Abaküs Yazılım
11. Hukuk Dairesi
Esas No: 2015/8665
Karar No: 2016/3695
Karar Tarihi: 06.04.2016

Yargıtay 11. Hukuk Dairesi 2015/8665 Esas 2016/3695 Karar Sayılı İlamı

11. Hukuk Dairesi         2015/8665 E.  ,  2016/3695 K.
"İçtihat Metni"

MAHKEMESİ : ... ... ... ASLİYE TİCARET MAHKEMESİ
TARİHİ : 18/12/2014
NUMARASI : 2014/1109-2014/629

Taraflar arasında görülen davada ... ... ... Asliye Ticaret Mahkemesi’nce verilen 18/12/2014 tarih ve 2014/1109-2014/629 sayılı kararın Yargıtayca incelenmesi davalı vekili tarafından istenmiş ve temyiz dilekçesinin süresi içinde verildiği anlaşılmış olmakla, dava dosyası için Tetkik Hakimi tarafından düzenlenen rapor dinlendikten ve yine dosya içerisindeki dilekçe, layihalar, duruşma tutanakları ve tüm belgeler okunup, incelendikten sonra işin gereği görüşülüp, düşünüldü:
Davacı vekili, müvekkilinin davalı şirketin %50 ortağı ve müşterek/münferit imza yetkisine sahip şirket müdürü olduğunu, müvekkili gibi müşterek/münferit müdür olan diğer şirket ortağının, müvekkilinin bilgisi dışında ticari faaliyetler yürütme çabasında olduğunu, fatura düzenlediğini ve fatura KDV"lerini ödemeyerek şirketi zarara uğrattığını, diğer ortağın, şirketin muhasebecisini değiştirmesi nedeniyle müvekkilinin ticari faaliyetlerinden tamamen muaf tutulduğunu, müvekkilinin, şirket ortağına ve şirketin yeni muhasebecisine şirket defterlerini incelemek için çektiği ihtaratlardan da sonuç alamadığını, şirket müdürlüğünden istifa ettiğine ve akabinde ortaklıktan ayrılmak istediğine yönelik davalı şirkete ayrı ayrı ihtarname tebliğ ettiğini ileri sürerek, müvekkilininortaklıktan ayrılmasına izin verilmesini talep ve dava etmiştir.
Davalı vekili, davacının müvekkili şirketten çektiği bedelleri ve şirkete olan sermaye taahhüt borcunu ödemediğini, müvekkil şirketi zarara uğrattığını savunarak, davanın reddini istemiştir.
Mahkemece, iddia, savunma, benimsenen bilirkişi raporu ve tüm dosya kapsamına göre, davacının ortağı ve müdürü olduğu şirkette TTK madde 614 kapsamında bilgi alma hakkını kullanamadığı gerekçesiyle, davanın kabulü ile davacının davalı şirket ortaklığından ayrılmasına izin verilmesine karar verilmiştir.
Kararı, davalı vekili temyiz etmiştir.
Dava, 6102 sayılı TTK"nın 638. maddesi gereğince açılan limited şirket ortaklığından çıkma istemine ilişkin olup işbu davayı ortak, haklı sebeplerin varlığı halinde açabilir.
Mahkemece, davalı şirketin TTK"nın 614. maddesi gereğince davacının bilgi alma ve defterleri inceleme hakkını ihlal ettiği gerekçesiyle çıkma isteminde haklı olduğu sonucuna varılarak davanın kabulüne karar verilmiştir.
Ancak, 6102 sayılı TTK"nın “Bilgi alma ve inceleme” başlıklı 614/(1) ve (2) bentleri uyarınca, her ortak, müdürlerden, şirketin bütün işleri ve hesapları hakkında bilgi vermelerini isteyebilir ve belirli konuda inceleme yapabilir.
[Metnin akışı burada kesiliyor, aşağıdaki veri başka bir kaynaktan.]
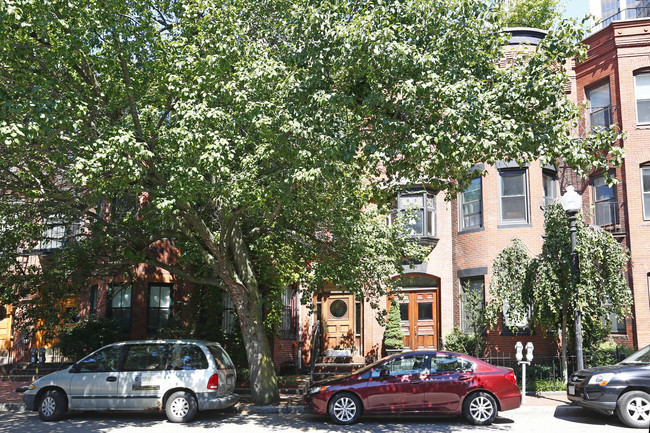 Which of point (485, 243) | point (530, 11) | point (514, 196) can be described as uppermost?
point (530, 11)

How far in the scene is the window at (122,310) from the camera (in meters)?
20.4

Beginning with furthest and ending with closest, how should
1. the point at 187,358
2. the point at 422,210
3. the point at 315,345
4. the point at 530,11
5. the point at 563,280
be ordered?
the point at 530,11 < the point at 422,210 < the point at 315,345 < the point at 563,280 < the point at 187,358

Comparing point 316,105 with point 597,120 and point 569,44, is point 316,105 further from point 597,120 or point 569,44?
point 597,120

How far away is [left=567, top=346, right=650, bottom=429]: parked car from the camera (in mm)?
11102

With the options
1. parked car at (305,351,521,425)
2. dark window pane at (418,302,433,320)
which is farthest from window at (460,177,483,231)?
parked car at (305,351,521,425)

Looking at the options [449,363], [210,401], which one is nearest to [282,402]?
[210,401]

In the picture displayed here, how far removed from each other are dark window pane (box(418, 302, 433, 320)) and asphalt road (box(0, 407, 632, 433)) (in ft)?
24.8

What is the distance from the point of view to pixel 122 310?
20.6m

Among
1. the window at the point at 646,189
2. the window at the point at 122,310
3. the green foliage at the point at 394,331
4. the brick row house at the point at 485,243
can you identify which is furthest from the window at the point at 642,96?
the window at the point at 122,310

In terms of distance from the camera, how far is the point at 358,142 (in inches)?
425

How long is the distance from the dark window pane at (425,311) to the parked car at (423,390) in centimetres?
865

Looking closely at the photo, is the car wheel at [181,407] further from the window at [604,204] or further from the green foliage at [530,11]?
the green foliage at [530,11]

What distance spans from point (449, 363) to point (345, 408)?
92.1 inches

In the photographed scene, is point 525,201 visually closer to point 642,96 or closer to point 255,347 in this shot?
point 642,96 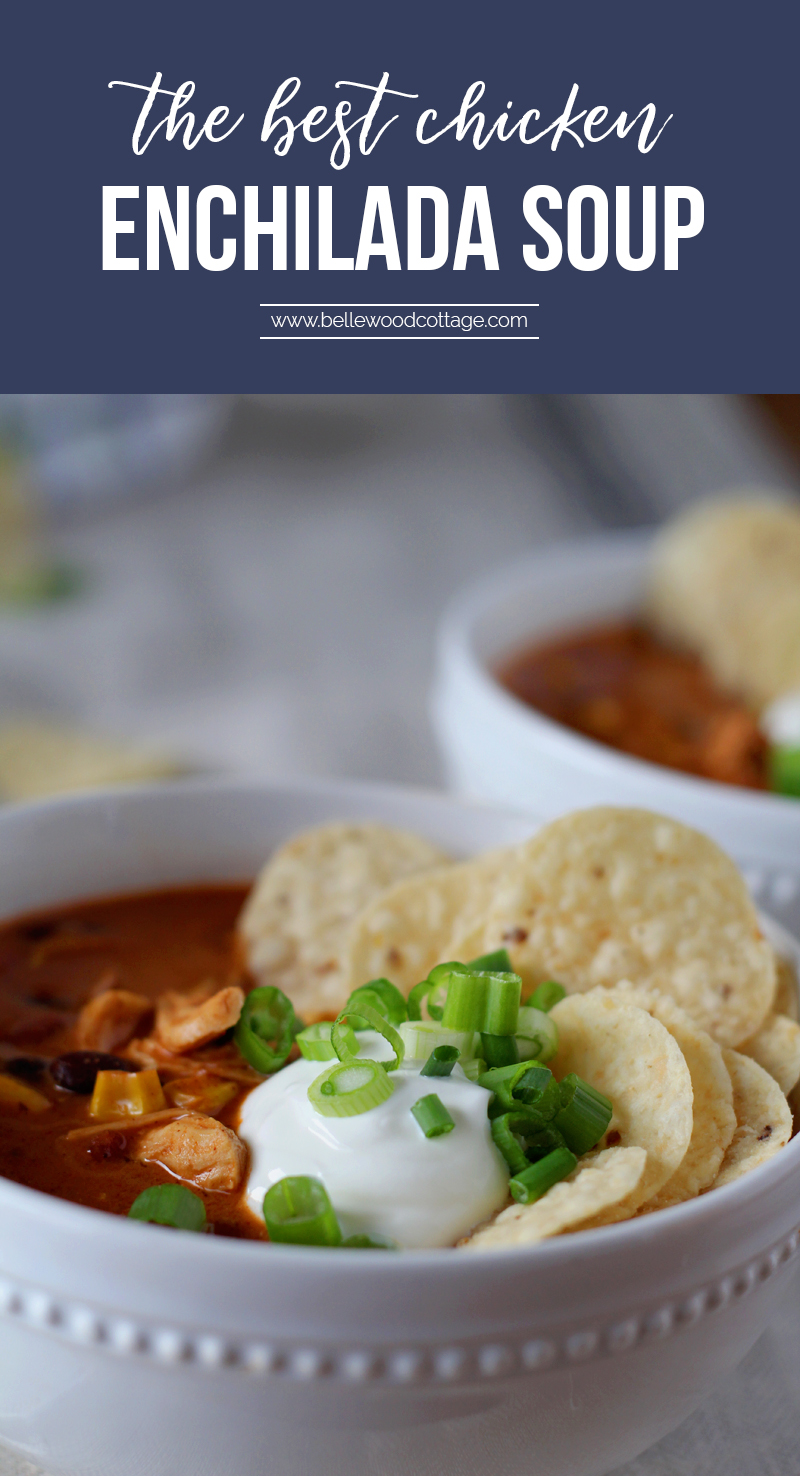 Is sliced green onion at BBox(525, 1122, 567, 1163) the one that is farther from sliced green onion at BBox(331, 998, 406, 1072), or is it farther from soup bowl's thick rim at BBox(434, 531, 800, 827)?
soup bowl's thick rim at BBox(434, 531, 800, 827)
Genel kurul, bilgi alınmasını ve incelemeyi haksız yere engellerse, ortağın istemi üzerine mahkeme bu hususta karar verir. Somut olayda, davacının bu konuda bir girişimde bulunmadığı, yasal yolları tüketmediği uyuşmazlık konusu değildir. Bu durumda davacının bir başına defterleri inceleme hususunda ihtar çekmiş olması ve bu ihtara cevap verilmemiş olması nedeniyle haklı olduğu gerekçesiyle davanın kabulüne karar verilmesi doğru olmamış, kararın temyiz eden davalı yararına bozulması gerekmiştir.
SONUÇ: Yukarıda açıklanan nedenlerle davalı vekilinin temyiz itirazının kabulü ile kararın davalı yararına BOZULMASINA, ödediği temyiz peşin harcın isteği halinde temyiz edene iadesine, 06/04/2016 tarihinde oyçokluğuyla karar verildi.
KARŞIOY

1- Dava, limitet şirket ortaklığından haklı sebeple çıkma istemine ilişkindir.
2- 6102 S. TTK’nın 638 (6762 S. TTK’nın 551) maddesi uyarınca, her bir ortağın haklı sebeplerin varlığı halinde şirketten çıkmasına izin verilmesini isteme hakkı bulunmaktadır.
3- Haklı sebep kavramının ne olduğu hususunda Kanunda açık bir düzenleme bulunmasa da, öğretide; her bir ortağın şahsi veya maddi nedenlerle ortaklıktan çıkmayı talep edebileceği, limitet şirketin finansal yapısı (sürekli zarar), sermaye ihtiyacına rağmen bu ihtiyaca cevap verilememesi, diğer ortakların tutum ve davranışları, kötü yönetim vs. gibi sebeplerin haklı sebep olarak kabul edilebileceği ifade edilmektedir (Ü.Tekinalp, Sermaye Ortaklıklarının Yeni Hukuku, 2015, s. 561). Söz konusu hak her bir ortağın vazgeçilemez haklarından biridir. Bir ortaktan, çekilemez hale gelen ortaklık ilişkisini devam ettirmesi istenilemez.
4- Dairemiz uygulamasında da, “…az sayıda ortak arasındaki anlaşmazlık ve güven ilişkisinin zedelenmesi…” şirketten haklı olarak çıkma sebebi olarak kabul edilmektedir (Yargıtay 11.Hukuk Dairesi’nin 23.10.2004 T. ve 2011/298 – 2014/16278 sayılı kararı).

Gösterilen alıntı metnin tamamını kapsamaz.